01 Apr Modernist Women Between Centre and Periphery
Call For Papers: Risk Anything!: Modernist Women Between Centre and Periphery
Friday 6 April 2018, UNSW Sydney, Australia
A symposium presented by the Australasian Modernist Studies Network
Keynote: A/Prof Natalya Lusty (The University of Sydney)
“Risk! Risk anything! Care no more for the opinions of others, for those voices. Do the hardest thing on earth for you. Act for yourself. Face the truth.”
– Katherine Mansfield, journal entry 14 October 1922
The peripatetic New Zealand modernist Katherine Mansfield wrote these words towards the end of her life, urging herself to be courageous, to pursue her creative convictions. Mansfield’s approach to life and work is an example of the countless creative women who embraced, employed and drove the modernist cultural experiment.
Nearly a century later, our own era is equally defined by contingency and risk, offering a unique opportunity to reflect on the history and legacies of creative behaviour that defines itself in terms of risk.

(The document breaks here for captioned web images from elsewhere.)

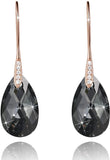 Black Crystal Earrings For Women, Ladies Friends Sterling Silver Hypoallergenic Drop Earring Jewelry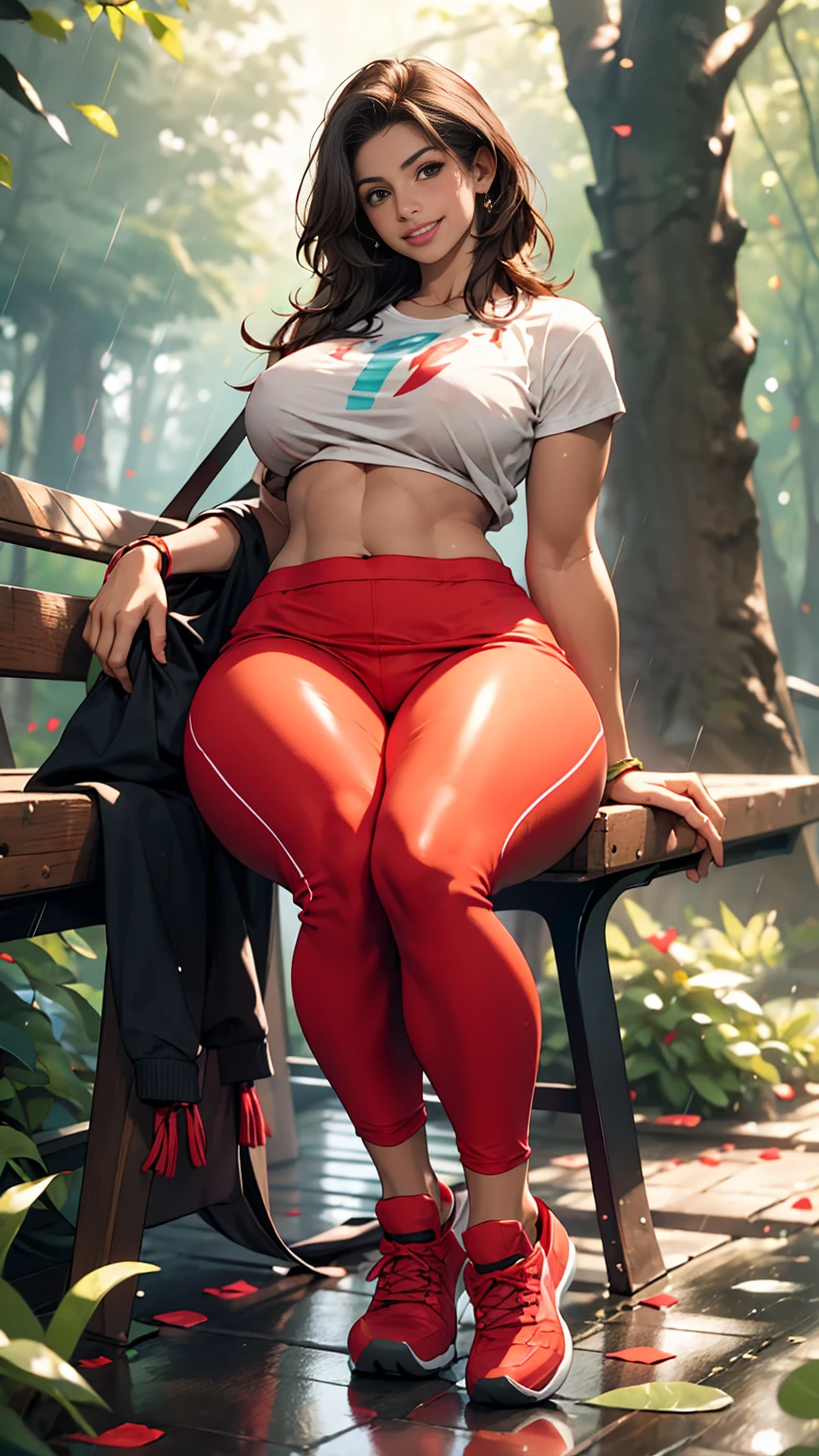 Pretty Caucasian (female), Sarah Shahi, a slim but muscular body, wearing a T-shirt that shows her underboob, smile, at forest, rain, wearing low rise leggings, sneakers, huge perky breasts, thick thighs, curvy figure, sitting on ground, legs wide open , red outfit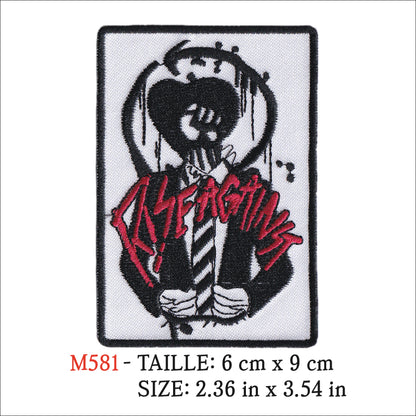 MAXIMUMPATCHES - Ecusson Patch Brodé Thermocollant - 6 cm x 9 cm - Rise Against Groupe Musique Rock Punk Hard Trash Métal Heavy Psychedelic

We invite proposals from scholars on topics relating to risk, women and modernist culture, and from female-identifying artists, writers and performers whose practice engages with the legacies of modernist women. We especially welcome contributions focusing on women who have traversed the ‘risky’ division between centres of modernism – Britain, Europe, and the United States – and so-called ‘peripheries’. These may take the form of a 20-minute presentation/10-minute question format or a team-led 90 minute roundtable discussion or workshop format.
Risk may be interpreted in relation to:
- Creative experimentation and the avant-garde
- Cultural and gender norms
- Sexuality
- Reputation
- Failure
- Personal motivation
- Finance/business
- Danger – personal, political, social
- Political struggle
Selected papers will be published as a special journal issue.
Please send 250-word proposals for papers, roundtables or workshops, along with a 50-word bio to [email protected] by 31 January 2018. Responses will be distributed in early February.
Event organisers: Dr Baylee Brits (UNSW), Dr Louise R Mayhew (Griffith University) & Dr Helen Rydstrand (UNSW).